Comment réagirait l'humanité si 2% de la population mondiale disparaissait, soudainement, comme ça, sans explication ? Pourrait-on continuer à vivre normalement, sachant que des proches peuvent s'évaporer à n'importe quel moment ? Serait-ce alors la fin de la civilisation telle qu'on la connaît ? Voici les questions – entre autres – posées par The Leftovers, créée par Damon Lindelof, le scénariste de Lost, et Tom Perrotta, auteur du best-seller Les Disparus de Mappleton (éd. Fleuve Noir), dont la première saison est tirée. Grande série sur le deuil, la production de la chaîne HBO résonne tragiquement avec les attentats meurtriers de Paris.

En fait, The Leftovers traite des conséquences du 11-Septembre aux Etats-Unis : les auteurs ne s'intéressent jamais aux séquelles des "événements du 14 octobre" – date à laquelle disparaissent 2% de la population – ailleurs qu'en Amérique, alors que le phénomène est décrit comme un drame mondial. Les scénaristes portent ainsi leurs regards sur Mappleton, une petite ville de l'Etat de New York, et ses familles profondément meurtries par la "disparition" inexpliquée de leurs proches.

C'est là l'une des forces de The Leftovers : ne jamais chercher à résoudre le mystère. (Damon Lindelof a, semble-t-il, tiré les leçons de l'épisode final très critiqué de Lost.) Ainsi Nora Durst a perdu son mari et ses deux enfants, et la société américaine sa foi en Dieu. Du coup, une nébuleuse secte agnostique en profite pour proliférer, laissant les proches de ses membres dans l'incompréhension totale. Bref, tous les personnages sont complètement paumés, en pleine crise existentielle.

Le propos de The Leftovers prend un sens terriblement d'actualité après les attentats du 13 novembre. De nombreux Français connaissent de près ou de loin des victimes des attaques du Bataclan, des terrasses de l'est parisien et du Stade de France. Comment continuer à vivre après ces événements sanglants et ceux de janvier ? Peut-on continuer à faire la fête et s'enivrer, comme si de rien n'était ? "Plus rien ne sera comme avant", avancent certains.

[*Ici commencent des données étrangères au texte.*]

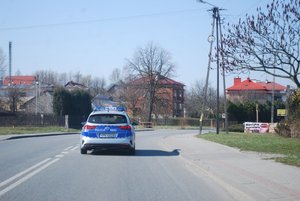 Patrol z wykorzystaniem radiowozu terenu miasta Ropczyce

Peut-on se remettre de ce que nous avons vécu ?

En ce sens, nous sommes tous Kevin Garvey ou Nora Durst, des êtres traumatisés, mais qui tentent de reprendre le cours d'une vie normale. Peuvent-ils se remettre de ce qu'ils ont vécu ? Parviendront-ils à ne pas creuser leur propre tombe ? Intelligemment, toute l'intrigue de The Leftovers tourne autour de ses personnages, dont le spectateur suit la descente aux enfers, tout en priant pour qu'ils aillent (enfin) mieux.

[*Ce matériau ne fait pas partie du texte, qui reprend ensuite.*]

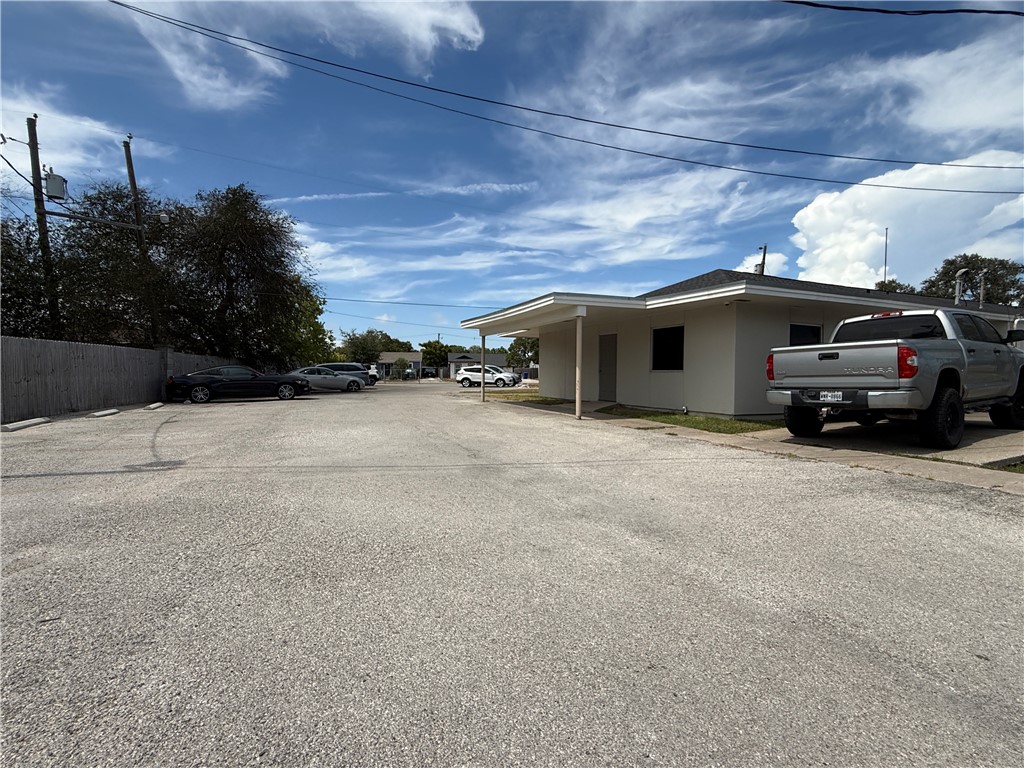5705 Gollihar Property Photo 4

Les acteurs Justin Theroux, Carrie Coon ou Christopher Eccleston méritent tous un Emmy pour leur interprétation, tout comme Max Richter pour sa musique originale (des morceaux déchirants au piano). Largement supérieure à la moyenne des dramas, The Leftovers n'a pas besoin de rebondissements artificiels : la série de HBO tient simplement à sa puissance émotionnelle.

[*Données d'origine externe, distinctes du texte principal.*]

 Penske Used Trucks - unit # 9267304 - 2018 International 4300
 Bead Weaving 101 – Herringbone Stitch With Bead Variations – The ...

Il est donc temps que le public français découvre ce chef-d'œuvre, diffusé à partir du mercredi 2 décembre sur Canal+ Séries. Car, jusqu'ici, seuls quelques sériephiles et de rares abonnés à la chaîne OCS City (qui diffuse la saison 2 tous les lundis) suivaient The Leftovers, ses personnages bouleversés et leurs histoires bouleversantes.